For this project, we downloaded the play-by-play hockey data from the r package hockeyR. We used the play-by-play data from the past ten NHL hockey seasons, 2013-2023.

The play-by-play data from the hockeyR package contains a total of 111 variables and over 4.1 million entries. To streamline our analysis, we extracted 34 relevant variables from the built-in hockeyR dataset, utilizing only approximately 29 of them for our current investigations. We also created 11 new variables necessary for our analysis.

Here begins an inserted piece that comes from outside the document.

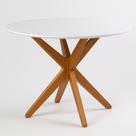 Mesa De Jantar Yara Redonda Tampo Laqueado Com Vidro 108CM TAMPO:OFF WHITE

Table 1. hockeyR Variables
Variables Description
game_id Unique ID for Game
period Number representing the period
event The event that is happening at that given moment
type Gives types for certain events such as penalty type
description String describing event
event_team Team executing the event
period_seconds Seconds remaining in the period
strength_state The id for strength during event (PP, EV, or SH)
p1_name First player involved in event
p1_id Unique ID of first player
p2_name Second player involved in event
p2_id Unique ID of second player
p3_name Third player involved in event
p3_id Unique ID of third player
home_skaters Number of players on the ice for the home team, excluding goalie
away_skaters Number of players on the ice for the away team, excluding goalie
home_team Home team abbreviation
away_team Away team abbreviation
season Seasons years
season_type Letter representing either regular season or playoffs
Table 2. Created Variables
Variables Description
row_num Row number (fixed)
p1_team Team of first player
p2_team Team of second player
strength_diff Difference in number of players on the ice (home - away)
Penalty_on During grouped time player who took a penalty
Penalty_on_id Unique ID of penalty on player
Penalty_on_team Team of penalty on player
Drew_by During grouped time player who drew a penalty
Drew_by_id Unique ID of drew by player
Drew_by_team Team of drew by player
PP_penalty_player During grouped time player whose penalty drawn resulted in a power play
PP_penalty_player_id Unique ID of power play penalty player
PP_penalty_team Team of power play penalty player

Creating Penalty On, Drew by, Power Play Penalty Player

In order to create the variables regarding penalty on and drew by, there was an ample amount of wrangling the data. Intuitively, you may think that player 1 would be the player who took the penalty, and player 2 is the player who drew the penalty. This is not the case, as there are penalties where player 2 is not the player who drew the penalty - it may be the player who served the penalty. We accounted for this by detecting keywords such as “against” and “served by” in the description column to decide which players are assigned the penalty on or drawing the penalty.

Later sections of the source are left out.